Step 2: Identify relevant IT security events

After indexing, examine the data to identify the IT security events that the source includes and determine how these events fit into the Enterprise Security dashboards. This step lets you select the correct Common Information Model tags and fields, so that data populates the correct dashboards.

Understand your data and Enterprise Security dashboards

To analyze the data, you need a data sample. If the data is loaded into Splunk, view the data based on the source type defined in Step 1. Determine which dashboards might use this data. See Dashboard Requirements Matrix in this manual to understand what each of the dashboards and panels require and the types of events that are applicable. Review the data to determine which events need to be normalized for use within Enterprise Security.

Note: The dashboards in Enterprise Security use information that typically appears in the related data sources. The data source for which the add-on is being built might not provide all the information necessary to populate the required dashboards. Look further into the technology that drives the data source to determine whether other data is available or accessible to fill the gap.

This document assumes that you are familiar with the data and the ability to determine the types of events that the data contains.

After you review events and their contents, match the data to the Enterprise Security dashboards. Review the dashboards in the Splunk App for Enterprise Security or check the descriptions in the Enterprise Security User Guide to determine where the events fit into these dashboards.

The dashboards in Enterprise Security are grouped into three domains.

  • Access: Provides information about authentication attempts and access control related events (login, logout, access allowed, access failure, use of default accounts, and so on).
  • Endpoint: Includes information about endpoints such as malware infections, system configuration, system state (CPU usage, open ports, uptime, and so on), patch status and history (which updates have been applied), and time synchronization information.
  • Network: Includes information about network traffic provided from devices such as firewalls, routers, network based intrusion detection systems, network vulnerability scanners, and proxy servers.

Within these domains, find the dashboards that relate to your data.
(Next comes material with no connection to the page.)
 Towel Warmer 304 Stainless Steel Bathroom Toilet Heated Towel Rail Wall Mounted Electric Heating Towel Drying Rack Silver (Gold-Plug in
In some cases, your data source might include events that belong in different dashboards, or even in different domains.

Example:

Assume that you capture logs from one of your firewalls. You expect that the data produced by the firewall contains network traffic related events. However, in reviewing the data captured by Splunk you might find that it also contains authentication events (login and logoff) and device change events (policy changes, addition/deletion of accounts, and so on).
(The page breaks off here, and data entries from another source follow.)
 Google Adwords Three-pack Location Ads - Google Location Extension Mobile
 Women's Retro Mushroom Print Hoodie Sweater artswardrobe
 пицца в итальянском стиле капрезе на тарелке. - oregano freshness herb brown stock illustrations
Knowing that these events exist helps you to determine which of the dashboards within Enterprise Security are likely to be applicable. In this case, the Access Center, Traffic Center, and Network Changes dashboards are designed to report on the events found in this firewall data source.

You must define the product and vendor fields. These fields are not included in the data itself, so they are populated using a lookup.

Static strings and event fields

Do not assign static strings to event fields because this prevents the field values from being searchable. Map fields that do not exist with a lookup.

For example, here is a log message:

 Jan 12 15:02:08 HOST0170 sshd[25089]: [ID 800047 auth.info] Failed publickey 
 for privateuser from 10.11.36.5 port 50244 ssh2

To extract a field "action" from the log message and assign a value of "failure" to that field, either a static field (nonsearchable) or a lookup (searchable) could be used.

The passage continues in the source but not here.